Promoting a new book, I guess. "How Conservatives Have Become Authoritarians and What it Means"
Authoritarianism is not well understood and seldom discussed in the context of American government and politics, yet it now constitutes the prevailing thinking and behavior among conservatives. Regrettably, empirical studies reveal, however, that authoritarians are frequently enemies of freedom, antidemocratic, antiequality, highly prejudiced, mean-spirited, power hungry, Machiavellian, and amoral. They are also often conservatives without conscience who are capable of plunging this nation into disasters the likes of which we have never known.
Although I have only recently learned the correct term for describing this type of behavior, and come to understand the implications of such authoritarian thinking, I was familiar with the personality type from my years in the Nixon White House. We had plenty of authoritarians in the Nixon administration, from the president on down. In fact, authoritarian thinking was the principal force behind almost everything that went wrong with Nixon's presidency. I had had little contact with my former colleagues, or with their new authoritarian friends and associates, until the early 1990s, when they decided to attack my wife and me in an effort to rewrite history at our expense. By then I had left public life for a very comfortable and private existence in the world of business, but they forced me back into the public square to defend myself and my wife from their false charges. In returning, I discovered how contemptible and dangerous their brand of "conservatism" had become, and how low they were prepared to stoop for their cause...
The rest is mostly a set-the-record-straight account of his own story.

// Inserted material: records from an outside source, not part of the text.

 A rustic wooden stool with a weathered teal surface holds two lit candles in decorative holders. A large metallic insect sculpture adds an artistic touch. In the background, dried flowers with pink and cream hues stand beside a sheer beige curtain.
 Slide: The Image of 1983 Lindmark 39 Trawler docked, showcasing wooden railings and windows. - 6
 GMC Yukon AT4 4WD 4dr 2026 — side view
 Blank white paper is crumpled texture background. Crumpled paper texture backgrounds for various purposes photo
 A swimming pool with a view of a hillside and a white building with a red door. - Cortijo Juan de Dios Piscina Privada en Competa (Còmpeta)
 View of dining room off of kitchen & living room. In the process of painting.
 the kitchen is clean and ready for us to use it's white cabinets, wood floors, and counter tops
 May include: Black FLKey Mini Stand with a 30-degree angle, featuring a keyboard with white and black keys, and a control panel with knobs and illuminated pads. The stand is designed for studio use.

I have no real opinion wrt Dean himself. It does make sense to me to differentiate between "conservative" and "authoritarian."

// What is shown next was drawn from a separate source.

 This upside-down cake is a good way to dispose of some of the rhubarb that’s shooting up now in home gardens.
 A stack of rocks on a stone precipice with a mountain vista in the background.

I like conservatives, real conservatives, even if I often disagree with them. Conservatives actually want to, well, conserve some stuff. Besides their own o'erswollen egos, that is.
They do seem to be a rare breed these days.

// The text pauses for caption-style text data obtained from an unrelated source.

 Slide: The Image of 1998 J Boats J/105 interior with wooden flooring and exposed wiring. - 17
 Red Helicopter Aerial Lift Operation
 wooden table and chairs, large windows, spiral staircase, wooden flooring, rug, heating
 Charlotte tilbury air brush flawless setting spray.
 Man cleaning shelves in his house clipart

In other news: woke up around 4:30 ayem last night and had something of a panic attack. Ostensibly it was about the devolving situation in the Middle East. I suspect it also wasn't totally unrelated to the wretched, bonecrushing heat and humidity. Whatever it is: I don't like it. You'd think one would be, should be, even, used to feeling this way ever, especially if you've been living in New York since before 9/11 and have been paying any attention to world events and trends for, well. Quite some time.
All's I know is that I simply can't go to the sources I'm most familiar with for comfort or wisdom. Don't want to hear the talking heads, professional or amateur, poking around the spilled guts of the body politic and hazarding guesses about What It All Means, Dear. don't want to go to the family and compound the worries with personal shit about health and finances and "gee, I'm really Not Okay At All." Can't go to the "spiritual leader" I'd wanted to be a sort of mentor/group leader and instead turned out to be another garden-variety narcissist, even less emotionally evolved than a lot of not particularly "spiritual" folk I know. don't want to get into another pointless fight about stupid shit with people I don't know to take my mind off the larger pointless fights about (I suspect) stupid shit that have more weight simply because they're backed up with weapons of mass destruction (seriously, aren't *all* weapons pretty much by definition "of mass destruction?"
I went back to sleep saying a sort of prayer/mantra: "Please, please, please, please. Please calm down. Please let it go. Please cool off. Please. Calm. Listen: please, please, please..."
eventually the cat came and sat on my chest and purred, as he is wont to do, and that certainly helped.
I don't know. I suspect that what you put out does indeed return to you one way or another. I also suspect that there is a collective way in which this works and that the individual karma, or whatever you want to call it, can get swept away with the larger...motion.
At the same time: it couldn't hoit.
and if i can't get the world to calm down, at least maybe i can get myself to calm down enough to get some rest.